=== Section Start ===

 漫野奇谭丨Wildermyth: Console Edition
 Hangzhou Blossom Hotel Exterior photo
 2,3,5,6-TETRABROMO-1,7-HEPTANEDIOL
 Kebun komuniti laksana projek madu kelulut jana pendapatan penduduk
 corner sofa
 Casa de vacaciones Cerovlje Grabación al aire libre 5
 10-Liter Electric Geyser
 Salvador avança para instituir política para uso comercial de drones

=== Section End ===
=== Section Start ===

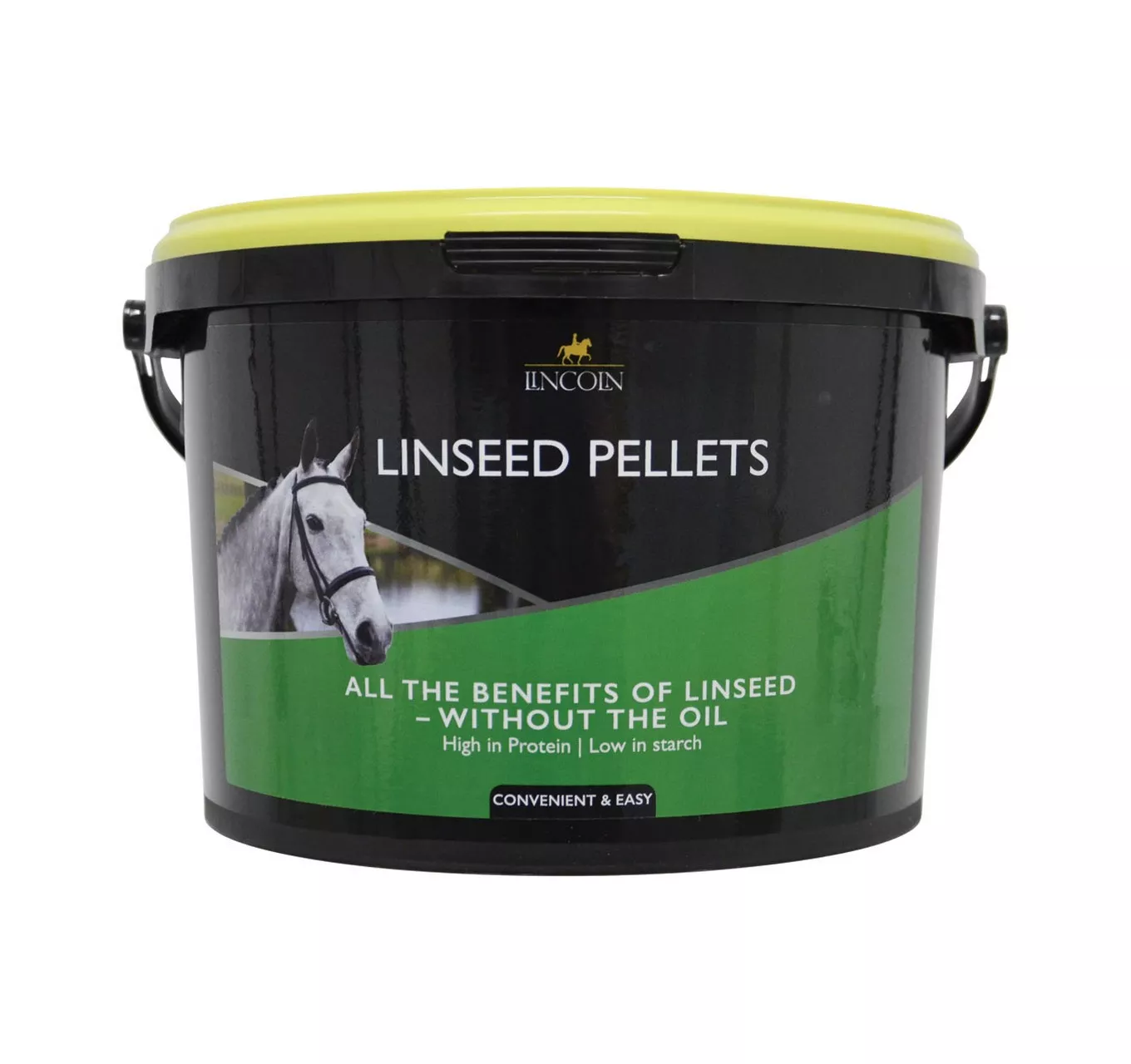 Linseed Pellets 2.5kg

=== Section End ===
=== Section Start ===

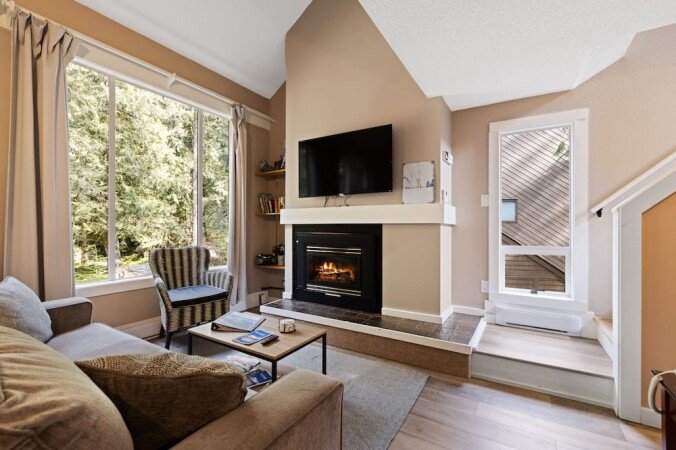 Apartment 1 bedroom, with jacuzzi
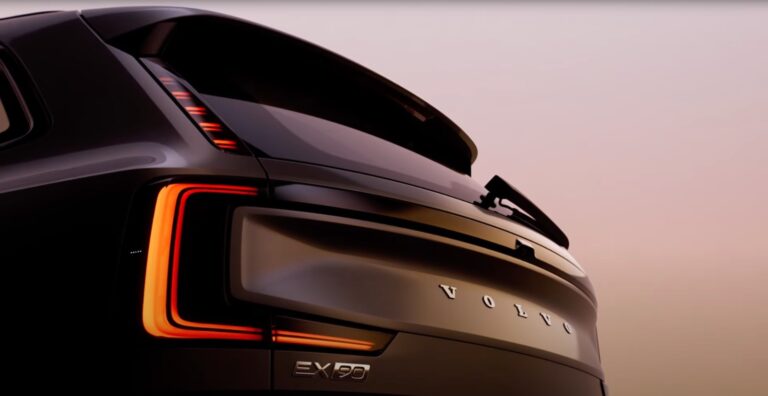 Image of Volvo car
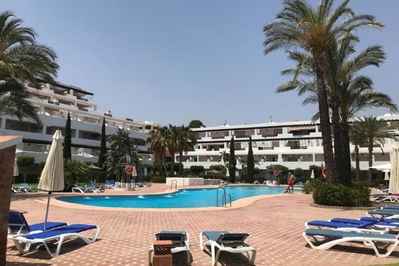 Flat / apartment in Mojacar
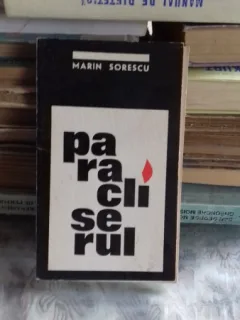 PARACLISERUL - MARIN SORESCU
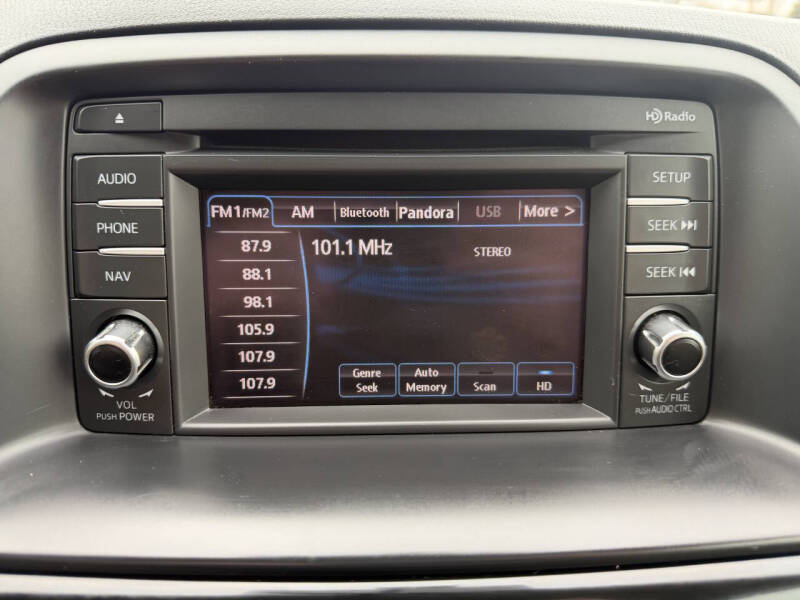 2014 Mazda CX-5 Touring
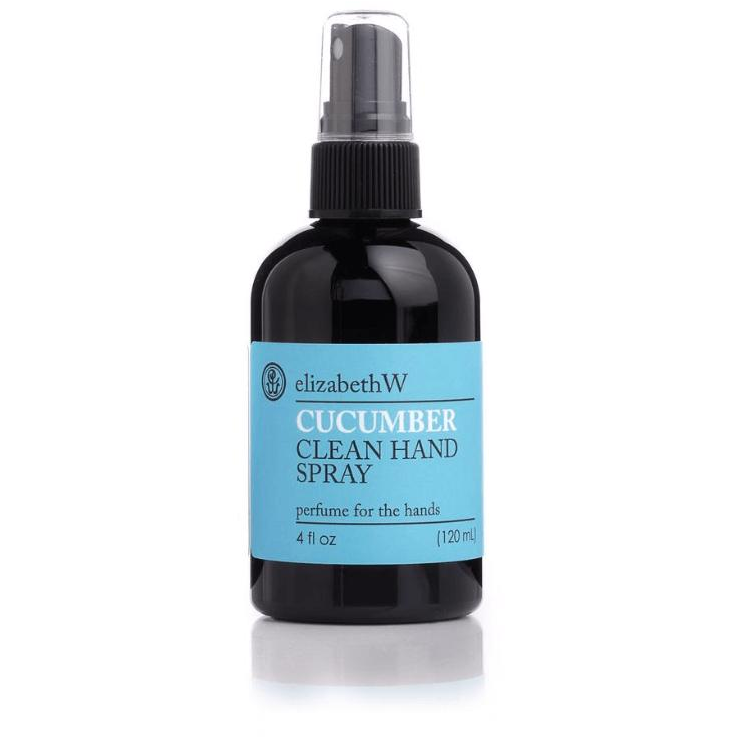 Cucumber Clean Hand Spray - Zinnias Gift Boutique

=== Section End ===

§ **THE TASK**: Transcribe each line of the data above, unaltered, from the one where "corner sofa" appears to the one where "Salvador avança para" appears, inclusive of both.

§ **WRITTEN ANSWER**:
 corner sofa
 Casa de vacaciones Cerovlje Grabación al aire libre 5
 10-Liter Electric Geyser
 Salvador avança para instituir política para uso comercial de drones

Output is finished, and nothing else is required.